But how did we arrive here?  What events unfurled to cause the US to propose such a system?

The concept of locating missile defense assets in Europe goes back to 2002, when the Department of Defense decided to extend coverage to allies, friends and deployed forces in the region and to enhance the defense of the United States, according to Air Force Lt. Gen. Henry A. "Trey" Obering III, director of the Missile Defense Agency.

According to the Department of Defense, "Iran does not yet have long-range, intercontinental ballistic missile capability, but it is still the largest threat in the region because it is clearly working to achieve those capabilities.  U.S. officials have learned from the past, such as when North Korea launched the Taepo Dong 1 in 1998, just months after experts had predicted it would be years before that country had long-range capabilities, he said.

"We want to have this in place by the 2011-2012 timeframe, because we think the Iranians, for example, shortly thereafter will be able to have a long-range capability -- not one that they've demonstrated today or necessarily tomorrow, but again you're talking about several years from now, and so it's prudent for us to be thinking about that now and begin to build toward that so that we're in a position that we can do something about it in that timeframe."

In fact, the entire program will be funded with US taxpayer dollars.  The host nations will not have to ante up even one penny to put this system in place.  US tax money will pay for the whole kit and caboodle.  According to an April 3, 2007, United Press International release, "A top Pentagon official said the United States plans to deploy a missile defense system in Eastern Europe because Iran will have an ICBM around 2015.

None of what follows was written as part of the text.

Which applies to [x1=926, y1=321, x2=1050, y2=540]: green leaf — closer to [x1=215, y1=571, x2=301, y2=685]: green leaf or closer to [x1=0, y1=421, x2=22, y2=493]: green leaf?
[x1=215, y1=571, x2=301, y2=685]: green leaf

"I think the judgment we have is that the threat starts to mature in around 2015, and one of the reasons we're moving ahead now is we want to have a capability in place to meet that threat in that timeline that it's developing on," Undersecretary of Defense for Policy Eric Edelman said.

The system will include 10 ground-based interceptors in Poland and an X-band radar on the Czech Republic.  It will cost the United States billions; the 2008 budget includes roughly $1.7 billion to begin buying and deploying the missiles alone.

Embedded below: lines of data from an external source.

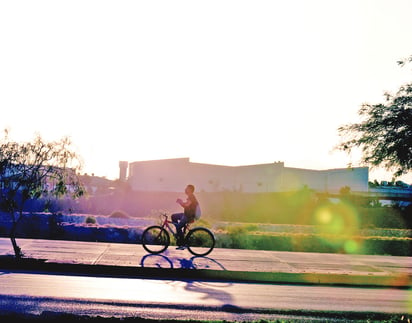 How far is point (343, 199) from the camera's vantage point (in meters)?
37.2

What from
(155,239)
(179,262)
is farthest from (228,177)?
(179,262)

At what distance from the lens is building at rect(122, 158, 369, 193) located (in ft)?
177

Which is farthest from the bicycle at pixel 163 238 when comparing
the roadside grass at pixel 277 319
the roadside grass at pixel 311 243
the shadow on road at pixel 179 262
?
the roadside grass at pixel 311 243

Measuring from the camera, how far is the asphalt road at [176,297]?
6.69 m

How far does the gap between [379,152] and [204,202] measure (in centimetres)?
3252

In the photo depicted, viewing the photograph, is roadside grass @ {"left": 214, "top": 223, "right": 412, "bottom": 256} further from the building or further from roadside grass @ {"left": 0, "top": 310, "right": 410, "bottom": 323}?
the building

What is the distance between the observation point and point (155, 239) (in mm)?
12312

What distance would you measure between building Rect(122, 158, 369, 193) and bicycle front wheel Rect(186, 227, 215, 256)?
3958cm

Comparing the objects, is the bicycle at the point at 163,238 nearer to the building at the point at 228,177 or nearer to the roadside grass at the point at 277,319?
the roadside grass at the point at 277,319

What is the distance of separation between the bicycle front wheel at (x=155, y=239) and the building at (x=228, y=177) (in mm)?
40886

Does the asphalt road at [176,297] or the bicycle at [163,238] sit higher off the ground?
the bicycle at [163,238]

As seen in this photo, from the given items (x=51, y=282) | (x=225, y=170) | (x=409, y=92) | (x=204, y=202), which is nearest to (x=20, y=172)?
(x=51, y=282)

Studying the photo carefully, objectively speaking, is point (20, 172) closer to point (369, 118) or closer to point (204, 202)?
point (369, 118)

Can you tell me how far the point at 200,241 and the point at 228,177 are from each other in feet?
143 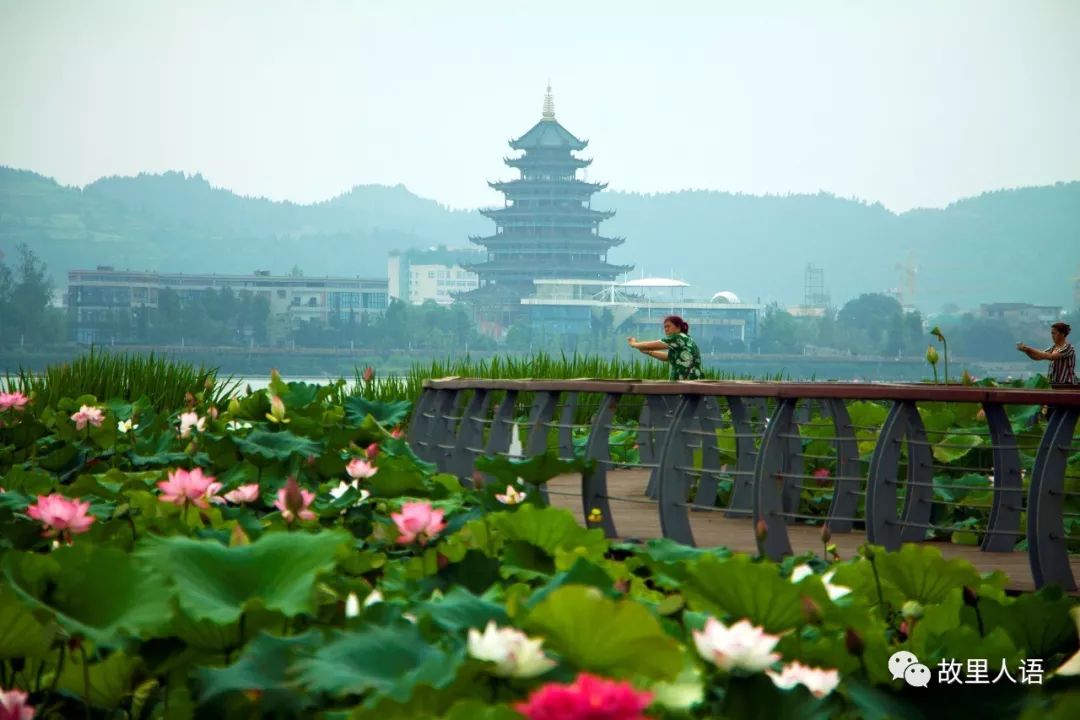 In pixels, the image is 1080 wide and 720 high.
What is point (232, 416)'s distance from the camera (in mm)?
5898

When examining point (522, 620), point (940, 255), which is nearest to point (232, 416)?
point (522, 620)

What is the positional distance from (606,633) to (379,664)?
0.97 feet

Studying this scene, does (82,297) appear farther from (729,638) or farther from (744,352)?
(729,638)

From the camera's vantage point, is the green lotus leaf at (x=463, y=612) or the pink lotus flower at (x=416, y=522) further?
the pink lotus flower at (x=416, y=522)

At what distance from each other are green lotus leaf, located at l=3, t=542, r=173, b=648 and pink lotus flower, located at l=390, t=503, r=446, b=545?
48 centimetres

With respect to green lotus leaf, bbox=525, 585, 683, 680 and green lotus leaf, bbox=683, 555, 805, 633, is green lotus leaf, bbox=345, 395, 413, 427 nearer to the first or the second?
green lotus leaf, bbox=683, 555, 805, 633

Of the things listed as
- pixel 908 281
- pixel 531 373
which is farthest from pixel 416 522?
pixel 908 281

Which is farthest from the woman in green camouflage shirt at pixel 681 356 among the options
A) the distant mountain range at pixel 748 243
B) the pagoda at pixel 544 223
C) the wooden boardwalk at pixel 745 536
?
the distant mountain range at pixel 748 243

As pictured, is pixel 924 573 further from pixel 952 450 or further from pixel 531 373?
pixel 531 373

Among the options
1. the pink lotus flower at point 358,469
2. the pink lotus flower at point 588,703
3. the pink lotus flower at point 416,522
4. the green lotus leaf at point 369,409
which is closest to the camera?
the pink lotus flower at point 588,703

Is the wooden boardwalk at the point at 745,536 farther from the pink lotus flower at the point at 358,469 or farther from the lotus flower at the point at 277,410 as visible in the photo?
the pink lotus flower at the point at 358,469

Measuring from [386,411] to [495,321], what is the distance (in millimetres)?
106058

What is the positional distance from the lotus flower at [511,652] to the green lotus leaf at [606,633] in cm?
7

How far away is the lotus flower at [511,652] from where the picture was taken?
1.53 metres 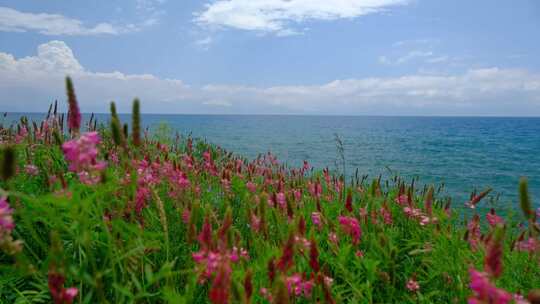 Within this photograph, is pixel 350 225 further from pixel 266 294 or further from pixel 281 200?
pixel 266 294

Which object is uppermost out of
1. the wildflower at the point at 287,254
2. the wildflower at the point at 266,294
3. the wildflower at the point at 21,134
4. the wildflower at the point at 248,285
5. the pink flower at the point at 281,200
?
the wildflower at the point at 21,134

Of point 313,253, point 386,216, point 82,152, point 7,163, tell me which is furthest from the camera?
point 386,216

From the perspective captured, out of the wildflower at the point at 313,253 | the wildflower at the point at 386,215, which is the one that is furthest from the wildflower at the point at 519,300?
the wildflower at the point at 386,215

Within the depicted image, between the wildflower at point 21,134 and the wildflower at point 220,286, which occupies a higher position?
the wildflower at point 21,134

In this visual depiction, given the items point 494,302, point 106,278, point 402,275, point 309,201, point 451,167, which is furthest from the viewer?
point 451,167

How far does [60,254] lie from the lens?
1362mm

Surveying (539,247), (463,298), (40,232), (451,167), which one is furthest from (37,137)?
(451,167)

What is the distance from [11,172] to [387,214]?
11.6ft

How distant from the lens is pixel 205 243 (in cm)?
163

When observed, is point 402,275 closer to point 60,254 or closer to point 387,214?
point 387,214

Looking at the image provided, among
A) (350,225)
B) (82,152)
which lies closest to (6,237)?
(82,152)

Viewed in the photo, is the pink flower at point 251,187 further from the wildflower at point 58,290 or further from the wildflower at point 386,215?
the wildflower at point 58,290

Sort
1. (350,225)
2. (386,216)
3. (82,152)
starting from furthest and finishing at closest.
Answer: (386,216), (350,225), (82,152)

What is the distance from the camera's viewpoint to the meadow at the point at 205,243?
4.95ft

The missiles, which would be part of the United States' nascent national missile defense system now deployed in Alaska and Canada, are necessary to protect the United States' eastern coast from an Iranian or North Korean ICBM, neither of which has yet been developed.

But according to a Pentagon press conference report of mid-2007,  Edelman insisted this system is not about protecting the United States.

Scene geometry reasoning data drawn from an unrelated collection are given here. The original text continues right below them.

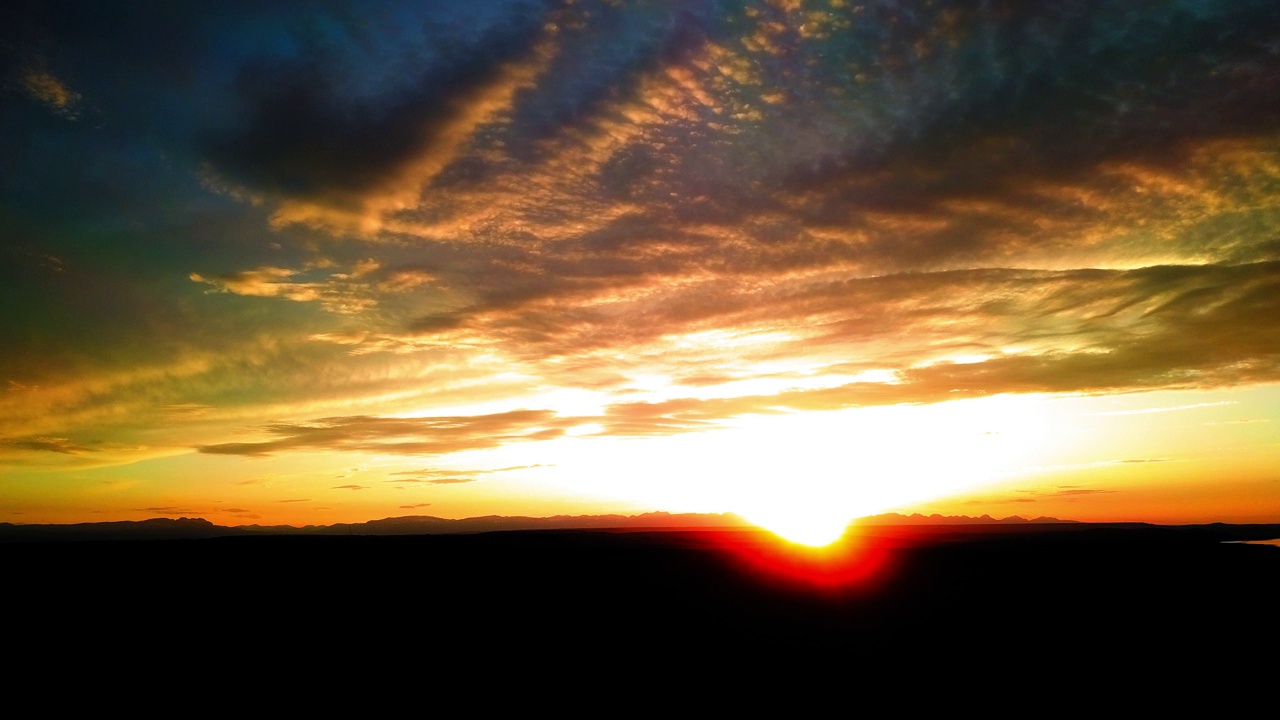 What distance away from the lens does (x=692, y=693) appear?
13977 millimetres

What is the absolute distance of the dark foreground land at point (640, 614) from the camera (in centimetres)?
1705

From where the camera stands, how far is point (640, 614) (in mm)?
21578

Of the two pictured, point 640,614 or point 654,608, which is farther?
point 654,608

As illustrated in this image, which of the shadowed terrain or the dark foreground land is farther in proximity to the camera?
the shadowed terrain

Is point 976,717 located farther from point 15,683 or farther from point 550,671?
point 15,683

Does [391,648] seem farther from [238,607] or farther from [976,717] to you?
[976,717]

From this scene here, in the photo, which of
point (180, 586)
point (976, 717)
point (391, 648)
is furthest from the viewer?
point (180, 586)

"This is not a capability - we need to defend the United States," Edelman said. "It's a capability ... we believe will provide coverage for the United States; this does, however, provide us with a capability, if we have a third site in Europe, to extend protection to our fielded forces in those European countries that would be covered by this and to defend our friends and allies as well."

Parts of Eastern Europe are already within range of Iran's intermediate Shahab-3 missile, a threat that theater missile defenses are designed to defend against.  Edelman said NATO is working on the shorter-range missile threat."

Watching these events unfold from the sidelines, I and greatly troubled by the significance this plan represents to countries like Russia, Iran and others.  But my biggest concern is, "What threat?"  Doesn’t a country’s intentions usually display itself long before a strike occurs?  Where is this perceived threat from Iran coming from?

First, let’s get one thing very clear.  North Korea will not attack the US via Europe.  That is completely ludicrous.  In the first place, they do not have a weapon that can do so.  In the second place, it would be ludicrous for them to fly a weapon from Pyongyang to the US via the huge  Eurasian continent as well as the entire Atlantic Ocean, when the much shorter route would be from Pyongyang across the Pacific Ocean to the US.  This part of the proposed plan is completely erroneous.

So the threat is strictly from Iran. Yet there is no indication that Iran has any intention of attacking Europe.  It has vented its anger towards Israel, but Israel already possesses an adequate missile defense system.  According to a Defense Tech report, "Israelis are used to missile attacks; they've spent tons of cash on missile defense systems."  So why have their interceptors been silent as a thousand Katyushas slammed into their soil?  Victoria Samson, the Center for Defense Information's resident missile defense sage, has the answer: "the Israeli systems are built to stop longer-range missiles -- ones that fly for hundreds of miles, like those Iraqi Scuds that fell on Tel Aviv during the first Gulf War, or the missiles Iran might one day nuke-equip.)  The shorter-range projectiles that Hezbollah is firing are too quick, and too mobile, for these interceptors to catch."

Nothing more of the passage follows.